Et si les rendements

doublaient en Ukraine?

 

Prenez la superficie potentiellement cultivable du Québec et multipliez-la par 10. Ajoutez-y des sols d'une fertilité exceptionnelle et vous obtiendrez un géant agricole : l'Ukraine. Ce n'est pas pour rien que la portion jaune du drapeau de ce pays symbolise le blé… Longtemps considérée comme le grenier à blé de l'Europe orientale, l'Ukraine est toutefois loin d'exprimer pleinement son potentiel agricole.
Une partie de l'explication vient des règles entourant la propriété des terres, qui ont façonné le paysage agricole ukrainien depuis le démantèlement de l'URSS. À l'époque, les grandes fermes collectives (les kolkhozes) ont été divisées et remises aux employés qui y travaillaient sous le régime communiste. Ceux-ci n'ont toutefois pas reçu la permission d'y construire des habitations ni d'y aménager des chemins d'accès. Dans bien des cas, les ex-gestionnaires de ces grandes fermes – ou alors des investisseurs ukrainiens – ont loué ces terres aux paysans et ils les embauchent maintenant pour les exploiter. Résultat : un « copier-coller » de l'époque soviétique, avec l'inefficacité légendaire des fermes d'alors et le désintérêt de leurs employés. Pour preuve, les rendements céréaliers ukrainiens représentent la moitié de ceux des pays les plus performants.

Pourtant, l'agriculture est fort lucrative pour ceux qui la gèrent – mais pas pour ceux qui la pratiquent. Compte tenu du prix ridicule de location des terres, du prix élevé des grains et des faibles salaires versés aux employés, bien des gestionnaires d'entreprises agricoles – lesquelles ont une superficie moyenne de quelque 1300 ha dans le pays – font des affaires d'or. Pas surprenant qu'un grand nombre des plus grosses fortunes ukrainiennes soient liées à l'agriculture. Les riches locataires de terres attendent d'ailleurs avec impatience une modification des lois sur la propriété foncière, afin de pouvoir racheter ces terres à faible prix… avant que leurs actuels propriétaires ne prennent conscience de leur réelle valeur! Mais si les terres peuvent un jour être vendues, quel sera alors l'impact de l'appétit des investisseurs internationaux?
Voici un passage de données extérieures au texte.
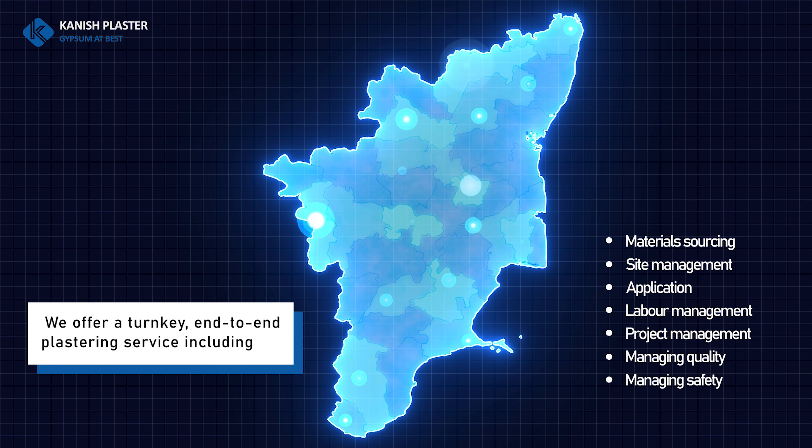Reducing the dead weight of buildings increases their resistance to earthquakes and high-speed winds. All high-rise buildings prefer gypsum plasters for its low density and higher compressive strength.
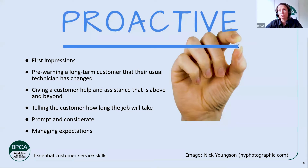Giving customers help and assistance that is above and beyond is not always possible, but it's a fantastic way to put a big smile on a customer's face. For example, if you're doing a mouse job in a kitchen, there's the debate about who cleans the droppings — the technician or the customer. In the industry we recommend always having a dustpan and brush or a mini vacuum cleaner to clean droppings up, because to the customer that really does feel like you're going above and beyond.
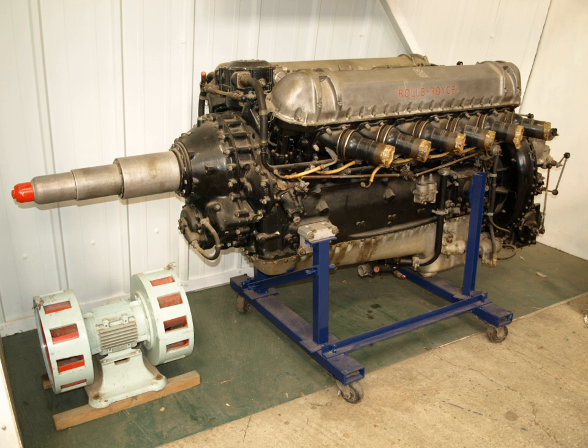Production of Rolls-Royce designed aircraft piston engines ceased in 1955 with the last variants of the Griffin. Between 1961 and 1981, Rolls-Royce was licensed to build the Teledyne Continental range of light aircraft piston engines, including the Continental O-520.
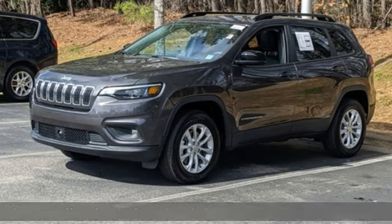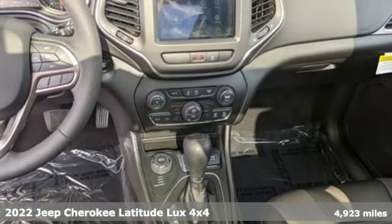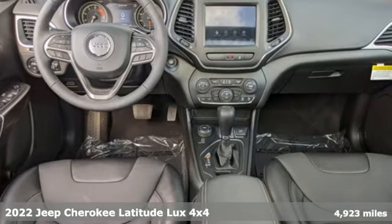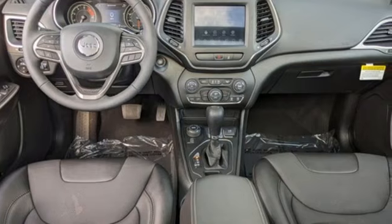It's a new 2022 Jeep Cherokee. You're going to want to take the long way home in this adventurously civilized Cherokee. And with features like these, every drive is a pleasure.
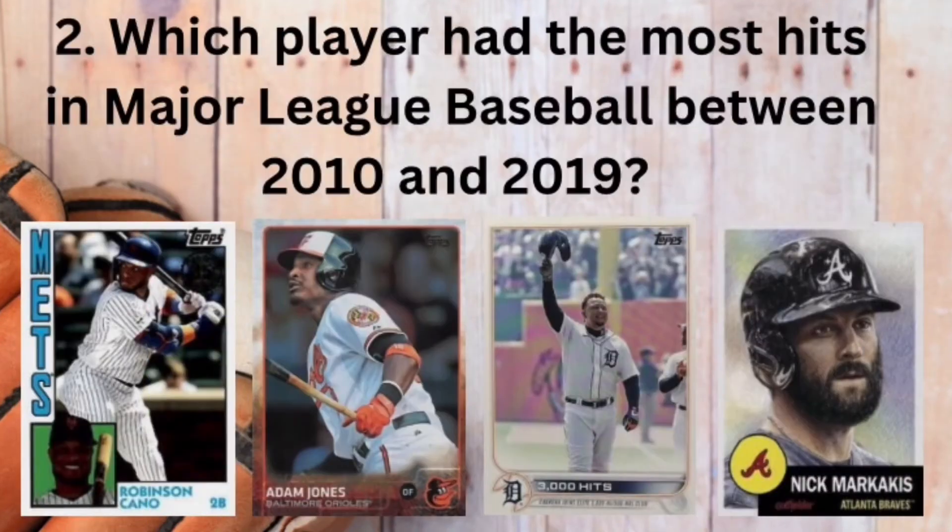Question number two. Which player had the most hits in Major League Baseball between 2010 and 2019? Was it Robinson Cano, Adam Jones, Miguel Cabrera, or Nick Markakis?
Les terres ukrainiennes seraient certes fort alléchantes, car le pays jouit de caractéristiques géographiques favorables. L'Ukraine dispose en effet de vastes étendues de tchernozen, un sol légendairement fertile, et jouit d'un climat que l'on peut comparer à celui du Kansas, qui borde la « Corn Belt » américaine. Certaines oblast (régions) sont toutefois caractérisées par un climat très sec, d'où le formidable potentiel que recèle l'irrigation. Un fait demeure : le capricieux climat ukrainien continuera d'engendrer une forte variabilité de ses rendements agricoles.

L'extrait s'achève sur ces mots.